Which is the fastest way to read Json Files from S3 : Spark

14,581

If your JSON is uniformly structured I would advise you to give Spark the schema for your JSON files and this should speed up processing tremendously.

When you don't supply a schema Spark will read all of the lines in the file first to infer the schema which, as you have observed, can take a while.

See this documentation for how to create a schema: http://spark.apache.org/docs/latest/sql-programming-guide.html#programmatically-specifying-the-schema

Then you'd just have to add the schema you created to the jsonFile call:

val df = sqlContext.jsonFile("s3://testData/*/*/*", mySchema)

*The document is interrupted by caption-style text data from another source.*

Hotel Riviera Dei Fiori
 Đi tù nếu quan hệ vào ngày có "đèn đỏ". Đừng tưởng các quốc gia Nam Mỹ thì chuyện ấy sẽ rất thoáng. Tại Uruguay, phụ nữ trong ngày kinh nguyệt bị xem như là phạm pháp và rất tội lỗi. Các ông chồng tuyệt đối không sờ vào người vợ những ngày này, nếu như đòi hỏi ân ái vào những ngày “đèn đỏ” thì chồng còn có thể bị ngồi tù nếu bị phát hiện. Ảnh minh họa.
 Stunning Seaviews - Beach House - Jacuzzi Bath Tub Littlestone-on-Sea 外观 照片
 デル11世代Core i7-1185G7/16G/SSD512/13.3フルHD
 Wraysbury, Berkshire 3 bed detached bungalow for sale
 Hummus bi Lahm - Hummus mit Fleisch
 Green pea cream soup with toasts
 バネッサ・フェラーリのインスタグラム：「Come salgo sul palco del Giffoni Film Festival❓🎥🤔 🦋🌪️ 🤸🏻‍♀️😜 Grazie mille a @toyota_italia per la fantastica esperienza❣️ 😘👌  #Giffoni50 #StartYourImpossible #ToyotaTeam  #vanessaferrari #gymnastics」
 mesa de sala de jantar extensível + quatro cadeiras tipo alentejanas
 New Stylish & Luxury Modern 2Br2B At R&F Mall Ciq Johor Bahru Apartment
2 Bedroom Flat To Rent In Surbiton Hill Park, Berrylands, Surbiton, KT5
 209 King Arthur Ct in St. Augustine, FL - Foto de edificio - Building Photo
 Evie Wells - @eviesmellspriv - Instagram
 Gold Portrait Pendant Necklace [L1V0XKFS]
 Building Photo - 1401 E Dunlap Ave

At this time (I'm using Spark 1.6.2) it seems as if jsonFile has been deprecated, so switching to sqlContext.read.schema(mySchema).json(myJsonRDD) (where myJsonRDD is of type RDD[String]) might be preferable.

Share:
14,581
Admin
Author by

Admin

Updated on June 22, 2022

Comments

  • Admin
    Admin almost 2 years

    I have a directory with folders and each folder contains compressed JSON file (.gz). Currently I am doing like:

    val df = sqlContext.jsonFile("s3://testData/*/*/*")
    df.show()
    

    Eg:

    testData/May/01/00/File.json.gz
    

    Each compressed file is about 11 to 17 GB.

    I have:

    1. Master: 1 c3.4xlarge
    2. Core: 19 c3.4xlarge
    3. Spark 1.5.2
    4. emr-4.2.0

    The compressed files have multiple json objects/file. This process takes huge amount of time just to read (just the the above two statements). Is there any faster way to do this? The schema is little complex as well. I am planning to write some queries to analysis the data set. But I am worried about the time it takes to read data from s3.

    Maximum load can be 10TB. I am planning to use cache to process queries later.

  • satoukum
    satoukum over 7 years
    I created a schema to see if using one would speed up the process of reading a file, and my query went from executing in 44s to taking 47m to execute. There could be some confounding variable for the load on the cluster at that time, but I thought it was interesting that it took so much longer. I am running Spark version 1.5.1.
  • ADAM
    ADAM about 7 years
    For those using newer versions of Spark sqlContext.jsonFile("...") is deprecated. Use sqlContext.read.json("...") instead.